[Records from a data collection]
- - - -
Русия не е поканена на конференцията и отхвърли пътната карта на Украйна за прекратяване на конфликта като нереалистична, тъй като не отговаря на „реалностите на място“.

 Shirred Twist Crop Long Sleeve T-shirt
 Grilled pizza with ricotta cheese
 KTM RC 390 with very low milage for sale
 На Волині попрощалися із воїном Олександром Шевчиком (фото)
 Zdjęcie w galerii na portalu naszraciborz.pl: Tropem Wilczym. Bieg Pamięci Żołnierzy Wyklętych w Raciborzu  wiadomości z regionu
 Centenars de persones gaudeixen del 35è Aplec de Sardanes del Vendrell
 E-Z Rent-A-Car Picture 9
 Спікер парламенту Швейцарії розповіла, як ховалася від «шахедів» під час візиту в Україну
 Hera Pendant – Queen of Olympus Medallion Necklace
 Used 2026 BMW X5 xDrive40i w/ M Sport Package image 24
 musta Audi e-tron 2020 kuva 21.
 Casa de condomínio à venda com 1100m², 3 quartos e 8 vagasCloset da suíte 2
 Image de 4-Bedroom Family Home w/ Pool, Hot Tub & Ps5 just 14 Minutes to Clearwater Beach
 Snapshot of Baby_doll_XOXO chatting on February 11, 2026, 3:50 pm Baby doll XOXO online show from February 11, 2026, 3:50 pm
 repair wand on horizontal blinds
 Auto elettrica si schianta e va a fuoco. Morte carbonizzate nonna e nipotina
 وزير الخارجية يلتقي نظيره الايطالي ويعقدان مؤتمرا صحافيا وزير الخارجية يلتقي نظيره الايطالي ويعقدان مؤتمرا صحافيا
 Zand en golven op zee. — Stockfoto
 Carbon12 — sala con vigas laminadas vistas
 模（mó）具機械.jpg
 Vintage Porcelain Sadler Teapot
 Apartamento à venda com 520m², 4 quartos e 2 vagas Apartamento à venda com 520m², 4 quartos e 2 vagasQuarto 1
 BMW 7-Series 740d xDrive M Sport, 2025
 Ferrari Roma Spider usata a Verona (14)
- - - -
PROBLEM STATEMENT :: Lines after the one containing "Image de 4-Bedroom" are not wanted; repeat exactly each line above from the first up to and including it.

RESPONSE BELOW ::
Русия не е поканена на конференцията и отхвърли пътната карта на Украйна за прекратяване на конфликта като нереалистична, тъй като не отговаря на „реалностите на място“.

 Shirred Twist Crop Long Sleeve T-shirt
 Grilled pizza with ricotta cheese
 KTM RC 390 with very low milage for sale
 На Волині попрощалися із воїном Олександром Шевчиком (фото)
 Zdjęcie w galerii na portalu naszraciborz.pl: Tropem Wilczym. Bieg Pamięci Żołnierzy Wyklętych w Raciborzu  wiadomości z regionu
 Centenars de persones gaudeixen del 35è Aplec de Sardanes del Vendrell
 E-Z Rent-A-Car Picture 9
 Спікер парламенту Швейцарії розповіла, як ховалася від «шахедів» під час візиту в Україну
 Hera Pendant – Queen of Olympus Medallion Necklace
 Used 2026 BMW X5 xDrive40i w/ M Sport Package image 24
 musta Audi e-tron 2020 kuva 21.
 Casa de condomínio à venda com 1100m², 3 quartos e 8 vagasCloset da suíte 2
 Image de 4-Bedroom Family Home w/ Pool, Hot Tub & Ps5 just 14 Minutes to Clearwater Beach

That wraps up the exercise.